About TT's Zip Archive Package
Version: 1.3.1 (22 March 2007)
This is a collection of REALbasic Classes to extract and create ZIP archives (known as PKZIP and Info-ZIP formats).
Written March 2003 by Thomas Tempelmann
For updates see http://www.tempel.org/rb/#zip
For feedback and questions, write to: tt@tempel.org
This code is free for your own use, but you are encouraged to send me some money if you have a use for it (consider it shareware). See the end of this document for more information.
Current requirements: REALbasic 5.5.5 or later. The Einhugur e-CryptIt plugin is also required, which must be acquired separately.
It implements only a subset of the entire ZIP archive definition, though. Here are the known restrictions:
- Can't do encryption (neither decryption).
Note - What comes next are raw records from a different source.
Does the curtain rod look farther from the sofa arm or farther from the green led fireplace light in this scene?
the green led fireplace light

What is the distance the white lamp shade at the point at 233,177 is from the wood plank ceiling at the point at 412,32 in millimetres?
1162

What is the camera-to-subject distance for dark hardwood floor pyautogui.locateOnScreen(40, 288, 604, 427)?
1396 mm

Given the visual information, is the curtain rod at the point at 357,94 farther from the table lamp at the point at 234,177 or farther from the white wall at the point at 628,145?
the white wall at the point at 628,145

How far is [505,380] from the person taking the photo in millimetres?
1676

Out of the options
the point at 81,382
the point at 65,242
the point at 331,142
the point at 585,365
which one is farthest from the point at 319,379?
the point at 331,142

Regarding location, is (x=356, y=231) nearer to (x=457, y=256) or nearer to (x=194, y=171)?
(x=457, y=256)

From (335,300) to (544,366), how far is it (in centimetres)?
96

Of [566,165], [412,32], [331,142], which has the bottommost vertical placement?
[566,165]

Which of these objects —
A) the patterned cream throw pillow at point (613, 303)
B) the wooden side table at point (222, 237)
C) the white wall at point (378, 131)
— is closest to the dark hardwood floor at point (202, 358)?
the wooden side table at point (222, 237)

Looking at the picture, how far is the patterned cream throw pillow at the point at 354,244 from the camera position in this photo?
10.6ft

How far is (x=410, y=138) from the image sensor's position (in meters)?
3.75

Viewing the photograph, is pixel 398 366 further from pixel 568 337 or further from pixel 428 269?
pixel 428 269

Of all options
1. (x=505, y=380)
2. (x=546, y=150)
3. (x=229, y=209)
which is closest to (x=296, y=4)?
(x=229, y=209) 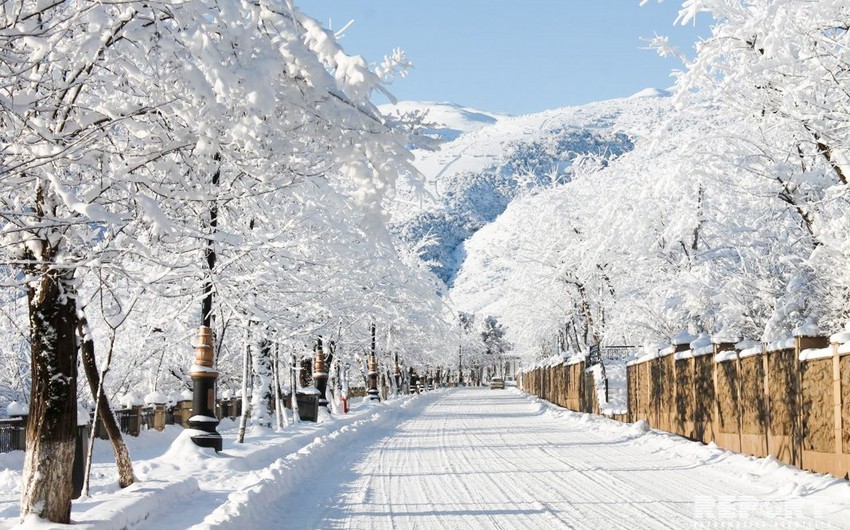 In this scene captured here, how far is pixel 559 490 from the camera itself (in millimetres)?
11867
- Supports only "stored" and "deflate" compression methods, which are the most common ones. This means that it can't read all possible ZIP archives because some of them use different compression methods, but if you're using any Zip creating tool, you usually have control over which methods should be used. And "deflate" is usually the most effective, anyways.
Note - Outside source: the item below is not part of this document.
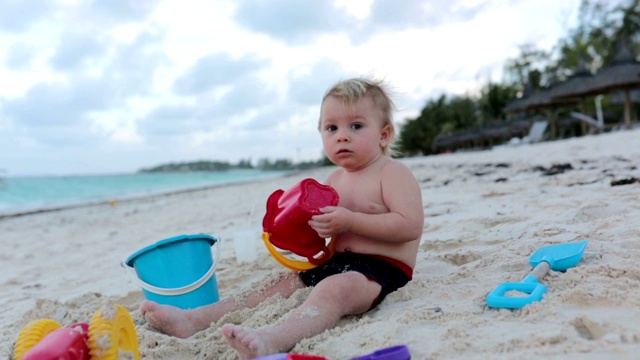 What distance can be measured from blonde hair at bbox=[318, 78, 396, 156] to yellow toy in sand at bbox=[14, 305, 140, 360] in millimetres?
1193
- No support for multi-segment archives.
- There is no provision for loss of file name information under older Mac OS versions (before 8.6): If an archive item has a name longer than 31 chars and if it is extracted using the provided function ZipEntry.MakeDestination(), the name may get cut off at the end without preserving an extension. Under Mac OS 8.6 and later, including Mac OS X, as well as under MS Windows, long file names will be preserved.
- Can't deal well with corrupted archives. Theoretically, if parts of an archive are corrupted, redundant information in the archive may allow to retrieve the non-damaged data. But that requires extended functionality that these classes do not provide. At least, however, this software should be able to detect such damaged archives so that the user can use other options (more capable tools) to deal with this exceptional case.
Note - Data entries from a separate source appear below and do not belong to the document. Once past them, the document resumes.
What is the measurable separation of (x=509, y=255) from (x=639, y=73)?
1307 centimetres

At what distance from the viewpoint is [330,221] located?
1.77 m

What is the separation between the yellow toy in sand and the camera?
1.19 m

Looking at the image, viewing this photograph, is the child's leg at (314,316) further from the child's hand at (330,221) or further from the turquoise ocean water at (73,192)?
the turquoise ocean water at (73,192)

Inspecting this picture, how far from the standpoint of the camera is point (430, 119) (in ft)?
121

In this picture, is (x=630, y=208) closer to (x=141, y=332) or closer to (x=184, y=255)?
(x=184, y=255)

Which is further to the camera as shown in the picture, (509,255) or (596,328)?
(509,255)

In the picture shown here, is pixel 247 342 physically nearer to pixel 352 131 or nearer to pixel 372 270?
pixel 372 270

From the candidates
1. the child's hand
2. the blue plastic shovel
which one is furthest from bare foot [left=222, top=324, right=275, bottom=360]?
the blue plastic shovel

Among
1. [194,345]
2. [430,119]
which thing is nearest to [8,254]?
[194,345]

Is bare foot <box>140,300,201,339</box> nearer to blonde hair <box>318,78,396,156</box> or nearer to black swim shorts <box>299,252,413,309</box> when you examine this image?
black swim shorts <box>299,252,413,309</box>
The only thing to be sure about is that files created by this class can be read by any modern ZIP tool, such as ZipIt (for Mac OS), OS X Tiger's Archives, WinZIP (for Windows), Stuffit Expander (Mac and Windows) and, of course, by itself.
A nice feature is that you can not only add items to an existing archive, but even remove them and then compact the archive to gain the space back.
Another cool thing I've added is the class ZipSnapshots: It allows you to make incremental backups of the same folder, in which unchanged files will not be stored multiple times. See the notes in the class and the code in the demo app to learn how to use it.
For more information about the ZIP archive format, search on www.google.com for "ZIP format appnote". The "appnote.txt" describes the format.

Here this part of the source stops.